Information shown Block Start

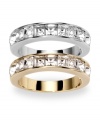 A dynamic--and dazzling!--duo: Swarovski's band rings sparkle plenty with bezel-set, square-cut clear crystals. Set in silver tone and gold tone mixed metal, they'll look stylish whether worn separately or together. Size 7.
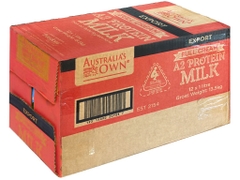 Thùng 12 hộp sữa tươi tiệt trùng Australia's Own A2 1 lít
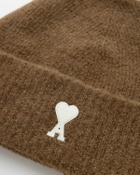 AMI Paris AMI DE COEUR BEANIE Brown Mens Beany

Information shown Block End

Beginning with the line containing "Thùng 12 hộp" and ending with the last line of the material, output each line exactly; do not include pictures.

 Thùng 12 hộp sữa tươi tiệt trùng Australia's Own A2 1 lít
 AMI Paris AMI DE COEUR BEANIE Brown Mens Beany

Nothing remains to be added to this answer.